19.12.03 : Décès du père de Madan Dulloo
Un incendie survenu à Sainte-Croix à Port-Louis a coûté la vie à Balram Dulloo. Âgé de 92 ans, le père de Madan Dulloo se trouvait dans son lit et regardait la télévision au moment où sa maison a été la proie des flammes.
12.10.01 : Un pompier meurt à Neolithik Garments
L’incendie à l’usine de textile Neolithik Garments a fait une victime : Sajid Soodhoo (27 ans). Ce pompier laisse derrière lui une veuve et un enfant de trois mois. Deux de ses collègues ont été gravement brûlés. Au cours de l’enquête policière sur cet incendie criminel, Gorayadev Chinniah, propriétaire de l’entreprise, a été arrêté et présenté devant le tribunal de Rose-Hill. Une accusation provisoire de crime d’incendie a été logée contre lui. Il a été remis en liberté après avoir payé une caution de Rs 5 000.
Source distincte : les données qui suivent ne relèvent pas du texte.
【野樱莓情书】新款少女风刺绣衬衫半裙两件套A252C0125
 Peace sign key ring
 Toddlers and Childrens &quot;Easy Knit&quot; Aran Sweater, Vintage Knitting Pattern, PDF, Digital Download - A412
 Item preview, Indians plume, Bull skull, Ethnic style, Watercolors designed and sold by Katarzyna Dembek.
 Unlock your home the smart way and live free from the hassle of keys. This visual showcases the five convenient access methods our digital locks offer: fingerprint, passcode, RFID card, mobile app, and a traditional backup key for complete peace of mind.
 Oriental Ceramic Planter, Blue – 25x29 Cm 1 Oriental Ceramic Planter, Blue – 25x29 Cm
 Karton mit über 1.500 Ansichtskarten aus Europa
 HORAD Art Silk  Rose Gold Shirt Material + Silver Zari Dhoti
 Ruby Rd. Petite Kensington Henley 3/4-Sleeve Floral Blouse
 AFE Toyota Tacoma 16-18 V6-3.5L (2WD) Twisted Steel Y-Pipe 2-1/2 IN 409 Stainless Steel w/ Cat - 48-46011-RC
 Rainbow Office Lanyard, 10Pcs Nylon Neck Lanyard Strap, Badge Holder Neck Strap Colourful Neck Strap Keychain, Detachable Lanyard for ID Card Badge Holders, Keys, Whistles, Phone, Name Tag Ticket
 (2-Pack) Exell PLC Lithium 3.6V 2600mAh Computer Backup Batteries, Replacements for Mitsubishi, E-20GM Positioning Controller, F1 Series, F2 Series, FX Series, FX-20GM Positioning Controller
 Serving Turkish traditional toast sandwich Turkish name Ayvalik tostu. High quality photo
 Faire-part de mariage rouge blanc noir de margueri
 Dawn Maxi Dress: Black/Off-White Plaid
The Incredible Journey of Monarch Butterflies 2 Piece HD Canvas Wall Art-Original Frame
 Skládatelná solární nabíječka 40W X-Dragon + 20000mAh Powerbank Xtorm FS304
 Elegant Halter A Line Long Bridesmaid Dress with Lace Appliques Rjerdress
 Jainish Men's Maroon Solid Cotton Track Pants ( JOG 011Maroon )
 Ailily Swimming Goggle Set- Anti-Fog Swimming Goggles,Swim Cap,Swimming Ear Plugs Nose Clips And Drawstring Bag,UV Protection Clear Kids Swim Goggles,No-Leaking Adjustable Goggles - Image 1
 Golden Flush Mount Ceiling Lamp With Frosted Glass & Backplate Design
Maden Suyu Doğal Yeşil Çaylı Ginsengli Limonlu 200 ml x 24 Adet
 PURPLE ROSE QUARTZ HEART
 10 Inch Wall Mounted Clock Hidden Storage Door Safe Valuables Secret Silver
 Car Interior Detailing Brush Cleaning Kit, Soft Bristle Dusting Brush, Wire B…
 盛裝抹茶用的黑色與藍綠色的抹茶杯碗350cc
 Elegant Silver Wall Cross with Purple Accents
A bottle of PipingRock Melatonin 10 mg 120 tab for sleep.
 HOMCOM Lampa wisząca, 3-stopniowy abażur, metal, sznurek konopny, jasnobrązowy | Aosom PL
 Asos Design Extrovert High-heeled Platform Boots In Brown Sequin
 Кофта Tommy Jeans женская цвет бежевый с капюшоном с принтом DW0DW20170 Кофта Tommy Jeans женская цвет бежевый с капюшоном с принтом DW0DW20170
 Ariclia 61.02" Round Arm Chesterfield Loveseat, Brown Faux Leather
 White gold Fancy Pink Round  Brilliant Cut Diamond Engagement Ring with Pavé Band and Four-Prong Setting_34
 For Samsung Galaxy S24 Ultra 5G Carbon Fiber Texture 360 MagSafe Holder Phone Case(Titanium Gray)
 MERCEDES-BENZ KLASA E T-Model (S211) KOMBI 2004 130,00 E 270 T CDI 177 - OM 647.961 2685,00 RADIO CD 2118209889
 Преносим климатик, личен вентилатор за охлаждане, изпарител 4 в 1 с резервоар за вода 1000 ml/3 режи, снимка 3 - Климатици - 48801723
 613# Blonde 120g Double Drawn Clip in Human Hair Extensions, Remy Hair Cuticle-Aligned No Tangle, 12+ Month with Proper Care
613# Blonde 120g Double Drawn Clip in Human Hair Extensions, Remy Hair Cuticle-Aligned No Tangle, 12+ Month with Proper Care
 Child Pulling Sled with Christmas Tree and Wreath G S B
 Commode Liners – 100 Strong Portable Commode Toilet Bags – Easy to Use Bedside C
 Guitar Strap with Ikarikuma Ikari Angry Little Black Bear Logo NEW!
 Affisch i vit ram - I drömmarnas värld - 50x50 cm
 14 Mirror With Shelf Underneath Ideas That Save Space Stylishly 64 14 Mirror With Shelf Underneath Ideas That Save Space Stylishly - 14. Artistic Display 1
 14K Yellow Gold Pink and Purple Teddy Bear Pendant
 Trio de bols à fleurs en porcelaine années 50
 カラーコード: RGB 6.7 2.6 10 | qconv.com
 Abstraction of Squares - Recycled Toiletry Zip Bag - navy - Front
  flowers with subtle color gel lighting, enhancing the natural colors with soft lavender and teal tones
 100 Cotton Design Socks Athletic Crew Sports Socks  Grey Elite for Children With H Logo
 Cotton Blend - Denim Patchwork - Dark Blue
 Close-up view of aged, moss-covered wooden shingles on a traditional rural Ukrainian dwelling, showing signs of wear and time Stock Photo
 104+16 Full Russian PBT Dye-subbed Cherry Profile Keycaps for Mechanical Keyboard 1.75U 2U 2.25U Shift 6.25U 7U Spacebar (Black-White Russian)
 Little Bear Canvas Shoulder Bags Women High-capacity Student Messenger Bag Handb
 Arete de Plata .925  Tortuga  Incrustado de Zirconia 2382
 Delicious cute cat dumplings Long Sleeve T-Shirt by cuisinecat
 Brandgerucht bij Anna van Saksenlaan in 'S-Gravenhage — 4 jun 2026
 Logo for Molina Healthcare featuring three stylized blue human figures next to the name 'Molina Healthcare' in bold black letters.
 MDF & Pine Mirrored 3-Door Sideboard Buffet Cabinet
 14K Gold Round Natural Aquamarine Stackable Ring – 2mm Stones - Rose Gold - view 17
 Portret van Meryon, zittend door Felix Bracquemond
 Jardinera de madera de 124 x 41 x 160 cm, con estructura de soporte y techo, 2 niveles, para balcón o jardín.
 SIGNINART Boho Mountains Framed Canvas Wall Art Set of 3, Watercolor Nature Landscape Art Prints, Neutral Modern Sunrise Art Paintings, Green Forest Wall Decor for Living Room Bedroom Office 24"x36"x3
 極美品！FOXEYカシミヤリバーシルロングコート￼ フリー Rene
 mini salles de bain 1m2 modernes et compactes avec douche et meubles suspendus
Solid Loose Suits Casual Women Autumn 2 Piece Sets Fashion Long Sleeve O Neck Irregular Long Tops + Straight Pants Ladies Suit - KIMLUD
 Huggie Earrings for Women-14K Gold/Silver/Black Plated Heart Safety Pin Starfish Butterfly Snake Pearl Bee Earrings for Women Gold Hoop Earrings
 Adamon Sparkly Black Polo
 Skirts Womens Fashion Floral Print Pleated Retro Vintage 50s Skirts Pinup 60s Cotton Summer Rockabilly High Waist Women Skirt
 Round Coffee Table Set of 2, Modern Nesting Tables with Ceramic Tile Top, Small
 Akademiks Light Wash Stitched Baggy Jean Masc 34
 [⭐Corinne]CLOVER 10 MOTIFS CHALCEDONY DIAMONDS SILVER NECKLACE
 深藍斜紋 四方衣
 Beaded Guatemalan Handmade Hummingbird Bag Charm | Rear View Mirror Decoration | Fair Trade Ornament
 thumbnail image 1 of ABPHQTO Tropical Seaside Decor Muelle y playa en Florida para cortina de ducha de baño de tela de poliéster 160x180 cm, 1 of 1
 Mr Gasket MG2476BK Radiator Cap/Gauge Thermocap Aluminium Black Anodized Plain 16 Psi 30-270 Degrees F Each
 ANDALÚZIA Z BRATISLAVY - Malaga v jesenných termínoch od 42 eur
28.10.00 : Un incendie ravage l’entrepôt de la MCFI
Le feu a éclaté dans l’entrepôt de la Mauritius Chemical Fertilizers Industry (MCFI), détruisant un stock d’environ 600 tonnes de fertilisants d’une valeur de Rs 5 millions. À l’issue de ce sinistre, Port-Louis – en particulier la zone portuaire et les agglomérations avoisinantes – a vécu sous la menace de gros nuages composés d’épaisses fumées toxiques, notamment de l’oxyde d’azote.
21.09.00 : Cinq commerces réduits en cendres à Rose-Hill
La librairie Le Cygne, les magasins Chez Pritania et Picadily, la pharmacie Standard — commerces des arcades Magic Lantern à Rose-Hill – et la quincaillerie Hossenally ont été ravagés par un incendie le jeudi 21 septembre 2000. Selon les témoins, dans un compte rendu de ce drame dans les colonnes du Mauricien, le feu s’est déclaré à la librairie Le Cygne peu après le rétablissement de la fourniture électrique à Rose-Hill, à la suite d’un black-out. Les propriétaires des commerces estimaient les dégâts à des dizaines de millions de roupies.
18.02.99 : Deux morts à Palma
L’incendie d’une maison en bois et tôle à l’impasse Renganaden Seeneevassen à Palma, Quatre-Bornes, fait deux morts : Marie Rosemay François (61 ans) et sa petite fille Francesca Perres (4 ans). Les trois familles, qui y vivaient, ont tout perdu en moins d’une demi-heure.
08.10.93 : Chinatown part en fumée…
Un incendie dans la soirée a rayé de la carte de nombreux commerces et habitations du quartier chinois de Port-Louis. Il n’y a eu aucun mort ni blessé. Les pompiers ont mis cinq heures pour maîtriser les flammes.